Forum Discussion
Error when installing CA to bundle
I have a signer CA, that I would like to add to F5. So that when we use self sign cert on F5 you will not get the message of this is not a trusted sight. This signer CA has been added to all of our corporate web browsers. So I have created a selfsign cert, I've added imported our CA to the ssl certificate list then created a ssl profile and added the cert and CA. When you go to the site I still get this is not a trusted sight. So I next tried using iApps I get the message of
script did not successfully complete: (Invalid Certificate Present: 'ssss'; Received the following error while validating Certificate: unable to load certificate 47544644358632:error:0906D066:PEM routines:PEM_read_bio:bad end line:pem_lib.c:804: while executing "error "Invalid Certificate Present: '${name}'; Received the following error while validating Certificate: ${err}"" ("foreach" body line 23) invoked from within "foreach row [join "$::ca__certificates"] { set certificate [split $row "\n"] set new_cert [string rang..." invoked from within "if { $::ca__restore == $::DEFAULT_ANSWER }{ Grab each certificate from certificates table and place into single variable ..." line:19) So I moved to to adding the CA to the server. I'm trying to verify chain certificate and I get this error bash: syntax error near unexpected token `newline' I'm following the article https://support.f5.com/csp/article/K6401
What is the correct way in getting the F5 to use our CA signer?
- Kevin_Stewart
Employee
Can you please clarify?
A self-signed certificate is a certificate that signs itself, therefore has no reliance on an issuing CA. They're not related.
This self signed cert has to be signed by our Signer. I have tried adding our CA to the trusted CA on F5 but have not suceeded
- Kevin_Stewart
Employee
This is just semantics, but a self-signed cert is not issued. It signs itself.
In any case,
- Is the CA certificate in PEM or DER format? If you can open it with a text editor and it contains the string "----- BEGIN CERTIFICATE -----", then it's PEM.
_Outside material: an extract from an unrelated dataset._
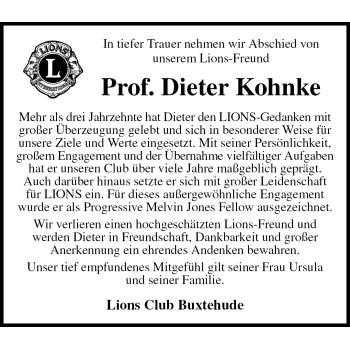 Anzeige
- Is there anything else in the CA certificate besides what's between BEGIN and END CERTIFICATE? Sometimes there's additional comments in the text file.
-
If you can access a system with OpenSSL installed (like the BIG-IP) you can issue the following command:
openssl x509 -text -in [cert.crt]
If you get back readable certificate information, and no errors, then the certificate is in good shape.